Wednesday, January 25, 2012

The feeling of helplessness

I'm writing this not because I really want to... But, because it is more important for me to address some of the issues I'm currently struggling with. There is an exposure into my grieving that I'd really rather leave alone... But, it is my believe that if I'm struggling with this, so are others and that is where my ministry lies.

Today I found myself in a state of helplessness. There were various triggers but nonetheless the "attack" began. After the first miscarriage happened, I felt such a helplessness. There was nothing I could do to keep Peter or bring him back. There was the feeling of being absolute paralyzed with fear and grieve. Every miscarriage and the failed adoption has brought with it the same attack of feeling helpless. Today was the first time since I've had this miscarriage that feeling came back.

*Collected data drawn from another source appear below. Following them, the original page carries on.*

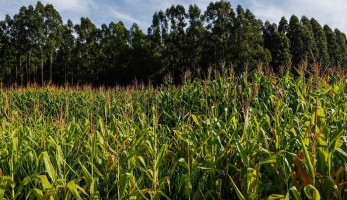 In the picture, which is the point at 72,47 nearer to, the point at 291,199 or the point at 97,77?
the point at 97,77

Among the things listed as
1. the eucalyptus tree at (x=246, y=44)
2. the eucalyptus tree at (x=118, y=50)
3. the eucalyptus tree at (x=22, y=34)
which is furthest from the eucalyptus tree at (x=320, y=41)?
the eucalyptus tree at (x=22, y=34)

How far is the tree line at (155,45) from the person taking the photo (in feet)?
123

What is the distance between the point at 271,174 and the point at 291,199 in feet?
0.67

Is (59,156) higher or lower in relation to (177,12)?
lower

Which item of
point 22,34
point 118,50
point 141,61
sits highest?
point 22,34

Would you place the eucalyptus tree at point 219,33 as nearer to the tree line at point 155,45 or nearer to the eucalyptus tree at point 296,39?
the tree line at point 155,45

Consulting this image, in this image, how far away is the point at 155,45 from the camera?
4059 cm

The first few days/week after the miscarriage are always the easiest. But then the shock starts to wear off and the realization of what has happened begins to set in. Yet another one of our babies is with the Lord. On January 31st marks the second anniversary of Peter's death.

I won't pretend to understand why this has happened. I have no answers. I don't know why I'm the 1-2% of women who have the diagnosis of recurrent miscarriages (which the molar pregnancy didn't count towards the diagnosis). I don't know why I continue to watch as others are able to conceive and have healthy pregnancies while I'm still in the same trial. Women whom I've counseled through a miscarriage have gone on to have children... I'm also scared of another failed adoption. This is the 6th time we've tried to have a child (4 miscarriages and our first adoption attempt). There is no legitimate reason for me to be afraid they will back out though as this has been entirely different from the first time and they call us Mommy & Daddy. They understand the meaning of adoption more than most people do (Christan and non-christian alike).  

This is the cycle of fear. I'm so used to disappointment and death in this area that it's difficult to trust the Lord.   

It's easier for me to trust when I understand what is happening or have a specific task to accomplish. But, God is asking so much more of me right now. He is asking me to trust Him in the helplessness of where our lives are right now. To trust Him to build our family in the way He chooses (cause I'd love to have more kids). To trust Him even if I remain infertile and unable to carry to term. To trust Him if He calls us to pregnancy again. To trust Him to bring our Talitha home. To trust Him to be Holy, To be Good, To be All Sufficient, To be my Comforter. He is asking me to trust that He is who He says He is. He is asking me to trust Him when He says all of this is for my good.

Am I there completely? No. But, it is the cry of my heart to trust Him. It is my prayer. What I need to remember is how much He has saved me from. This is the same helplessness I have to get into heaven without Him. He alone has saved me from an eternity in hell... Nothing else. Not my works, not my good merit, not the virgin mother of Jesus, but in Christ alone all of my hope is to be found.

Perhaps this helplessness is what He is using to not only show me how much He has saved me from but to also teach me to trust Him now.  


Love,
Darbi

1 comment:

  1. You are an inspiration to me on how you are leaning on the Lord and using these trials for His glory! I love you and am praying for you sweet girl!